Towards politically relevant corpora that persist
The focus of PolMine is on the texts published by public institutions in Germany. Corpora of parliamentary protocols are at the heart of the project: Parliamentary proceedings are available for long stretches of time, cover a broad set of public policies and are in the public domain, making them a valuable text resource for political science. In the course of the project, we have worked with txt-, pdf- and html-documents as raw material. We establish a framework for processing plenary protocols.
Corpora need to be sustainable if we want to share and expand our experiences with text mining techniques. This is an advantage of texts produced by public institutions: We do not face licenses requiring researchers to delete corpora that have been prepared. To facilitate the growth of sustainable corpora, we are also concerned to develop a solid codebase that will ensure the reproducibility and expansion of the corpora on a continuous basis.
Achieving the machine-readable format of text prepared as a corpus, we perform a XMLification. All kinds of metadata that are contained in the original document are maintained and will be available for the further analysis. To avoid a proliferation of document formats, we adhere to standardizations suggested by the Text Encoding Initiative (TEI). An XML document conforming to TEI is sufficiently flexible to be turned into almost any other data format required.

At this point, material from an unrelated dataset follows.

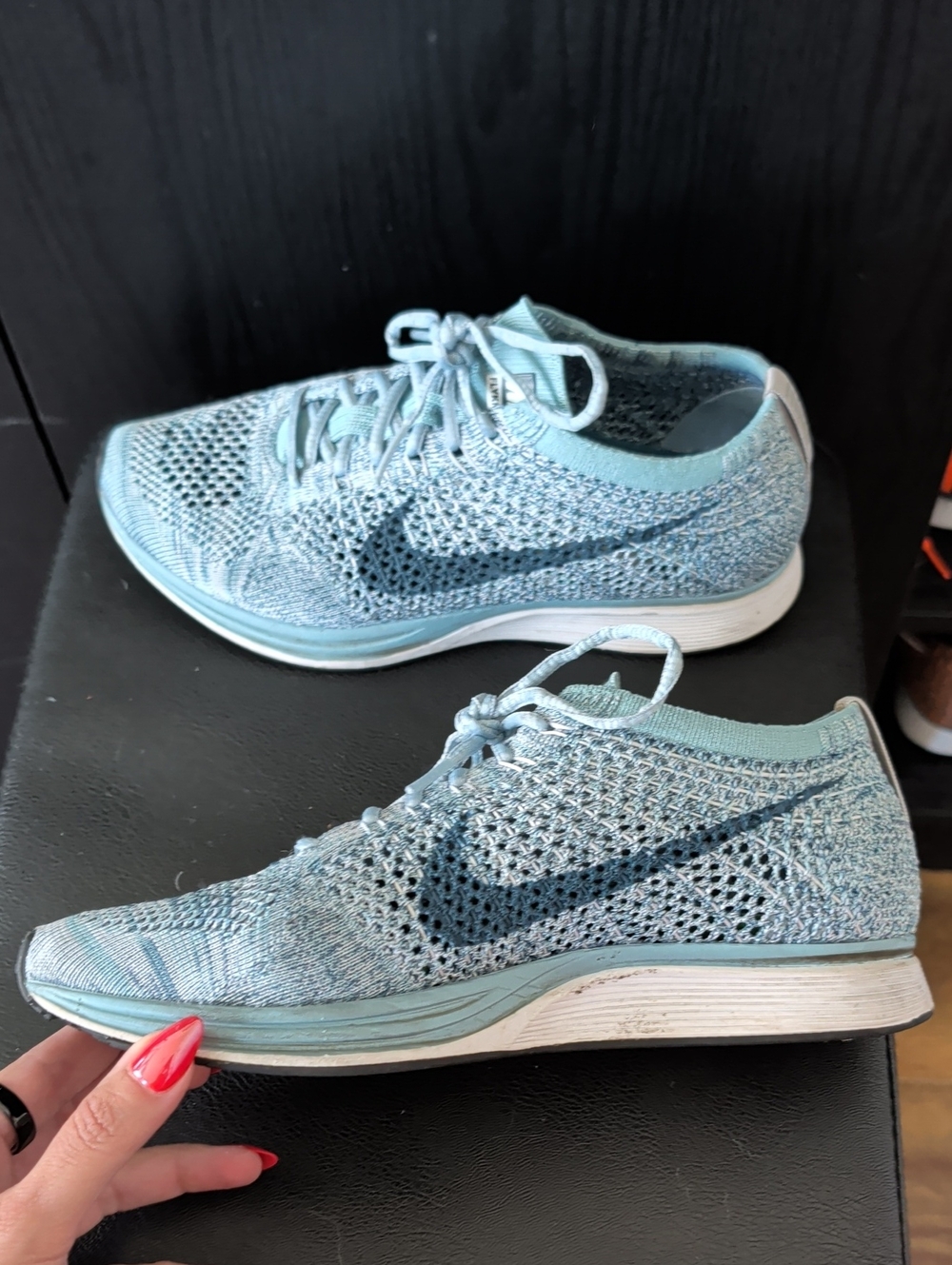 Nike Women’s Flyknit Racers - Light Blue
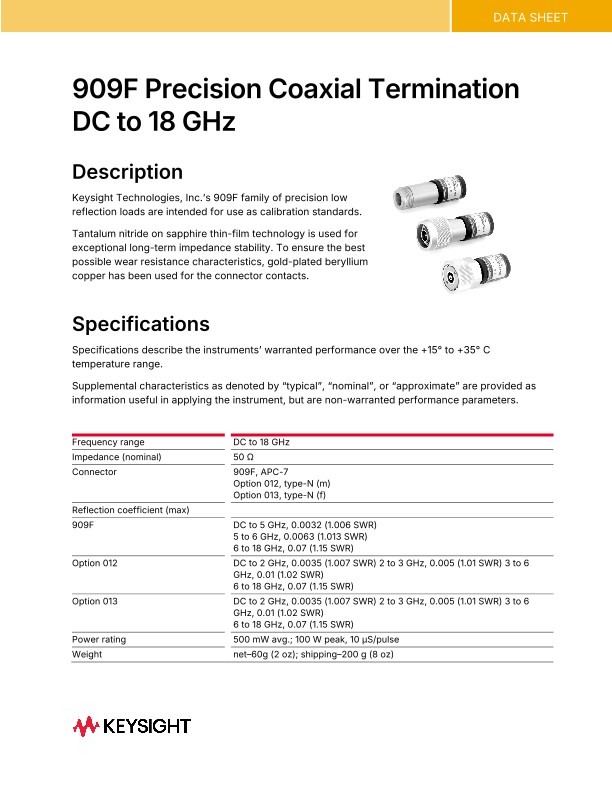 909F Precision Coaxial Termination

The first release of the PolMine corpus of parliamentary protocols of the German Bundestag is scheduled for spring 2016. The corpus will be available for registered academic users. First, we want to support users. Second: We take considerable efforts to prepare clean data. Yet we rely on automated proceedures. It is during the actual use of the data when remaining errors are recognized. We want to involve users in a process to improve the quality of the data.